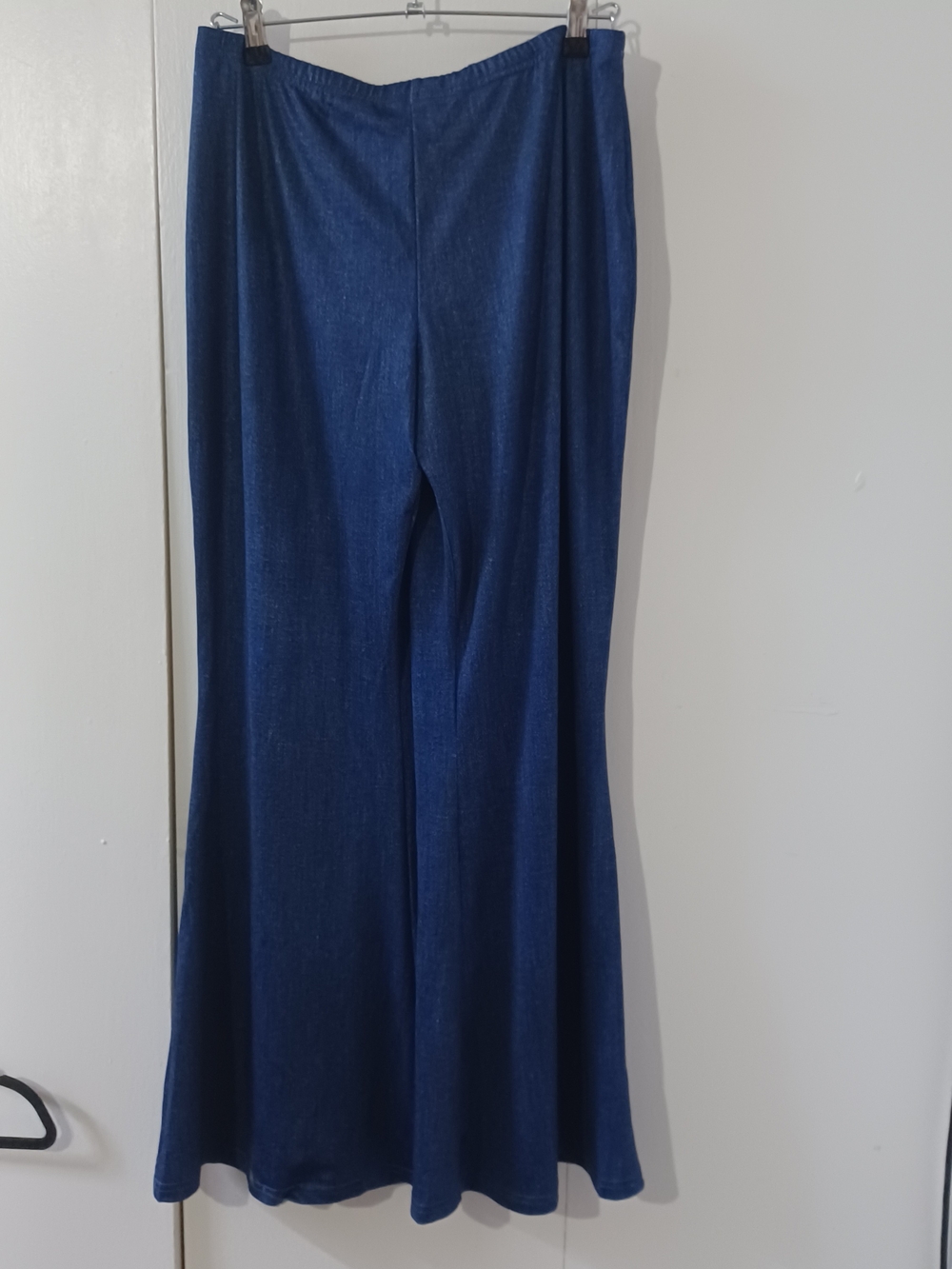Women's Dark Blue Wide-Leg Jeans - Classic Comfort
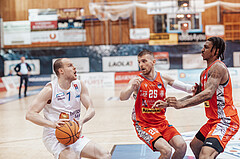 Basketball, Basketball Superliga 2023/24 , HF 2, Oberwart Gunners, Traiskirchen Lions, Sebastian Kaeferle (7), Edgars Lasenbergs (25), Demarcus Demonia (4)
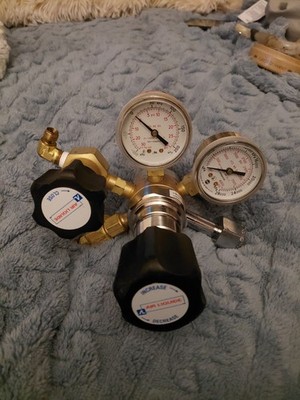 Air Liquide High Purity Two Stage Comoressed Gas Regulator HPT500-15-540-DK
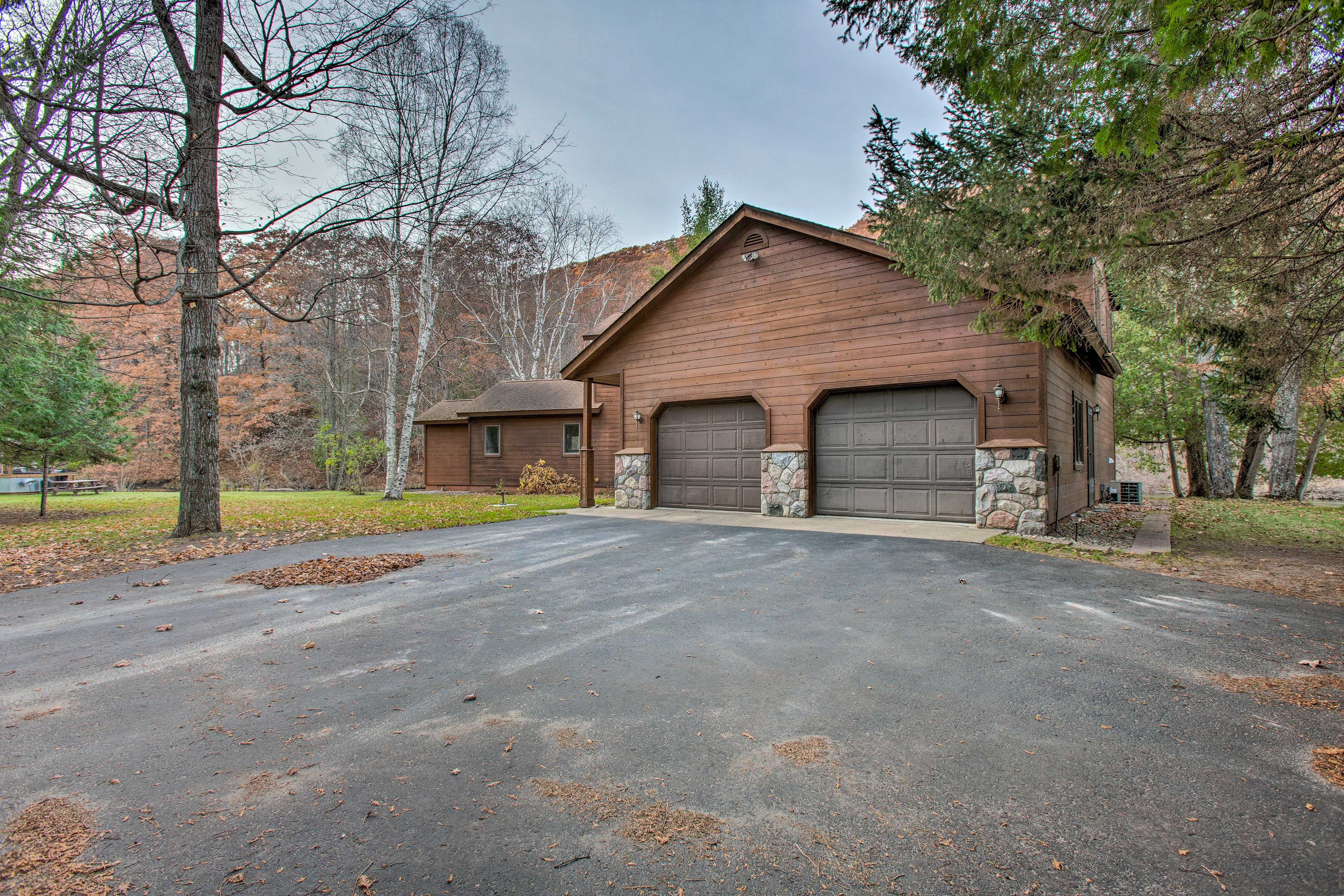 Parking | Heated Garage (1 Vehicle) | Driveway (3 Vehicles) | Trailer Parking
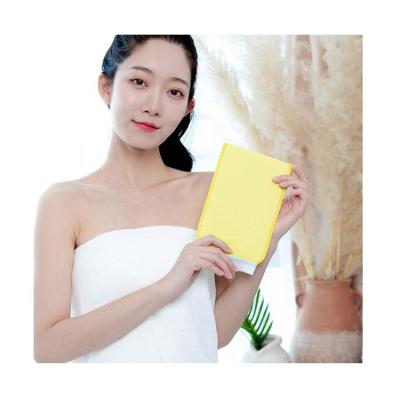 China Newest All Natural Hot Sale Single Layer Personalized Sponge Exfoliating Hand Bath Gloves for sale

| WHAT YOU NEED TO DO |
Before duplicating the entries above, strip out the pictures and keep the rest exact.

| ANSWER TO THIS EXERCISE |
Women's Dark Blue Wide-Leg Jeans - Classic Comfort
 Basketball, Basketball Superliga 2023/24 , HF 2, Oberwart Gunners, Traiskirchen Lions, Sebastian Kaeferle (7), Edgars Lasenbergs (25), Demarcus Demonia (4)
 Air Liquide High Purity Two Stage Comoressed Gas Regulator HPT500-15-540-DK
 Parking | Heated Garage (1 Vehicle) | Driveway (3 Vehicles) | Trailer Parking
 China Newest All Natural Hot Sale Single Layer Personalized Sponge Exfoliating Hand Bath Gloves for sale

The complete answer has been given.